TASK PROMPT
Which lines in the entries below contain the string "Toyota"? Show each of them in full.

DATA RECORDS
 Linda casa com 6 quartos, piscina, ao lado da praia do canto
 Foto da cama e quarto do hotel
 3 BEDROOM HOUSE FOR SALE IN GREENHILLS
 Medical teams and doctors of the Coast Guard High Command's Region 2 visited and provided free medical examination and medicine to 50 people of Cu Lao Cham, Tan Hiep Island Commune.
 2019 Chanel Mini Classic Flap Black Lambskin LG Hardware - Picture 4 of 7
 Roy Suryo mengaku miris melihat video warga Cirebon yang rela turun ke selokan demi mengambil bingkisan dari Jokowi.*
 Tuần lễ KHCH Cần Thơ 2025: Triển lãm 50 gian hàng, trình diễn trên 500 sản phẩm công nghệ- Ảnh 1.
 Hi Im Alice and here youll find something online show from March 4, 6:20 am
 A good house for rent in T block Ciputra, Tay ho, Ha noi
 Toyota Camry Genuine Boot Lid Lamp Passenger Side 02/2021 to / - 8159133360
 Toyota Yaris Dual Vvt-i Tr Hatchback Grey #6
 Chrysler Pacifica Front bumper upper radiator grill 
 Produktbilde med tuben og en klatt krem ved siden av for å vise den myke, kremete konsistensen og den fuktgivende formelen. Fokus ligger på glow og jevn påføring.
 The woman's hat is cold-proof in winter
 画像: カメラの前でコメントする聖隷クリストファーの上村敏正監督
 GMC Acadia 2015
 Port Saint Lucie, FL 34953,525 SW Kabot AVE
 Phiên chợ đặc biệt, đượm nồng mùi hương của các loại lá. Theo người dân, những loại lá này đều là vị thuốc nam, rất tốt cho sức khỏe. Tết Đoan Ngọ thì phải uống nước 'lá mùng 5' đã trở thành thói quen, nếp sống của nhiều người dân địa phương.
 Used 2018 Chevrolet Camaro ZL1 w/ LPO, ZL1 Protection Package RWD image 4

RESULT OF THIS TASK
 Toyota Camry Genuine Boot Lid Lamp Passenger Side 02/2021 to / - 8159133360
 Toyota Yaris Dual Vvt-i Tr Hatchback Grey #6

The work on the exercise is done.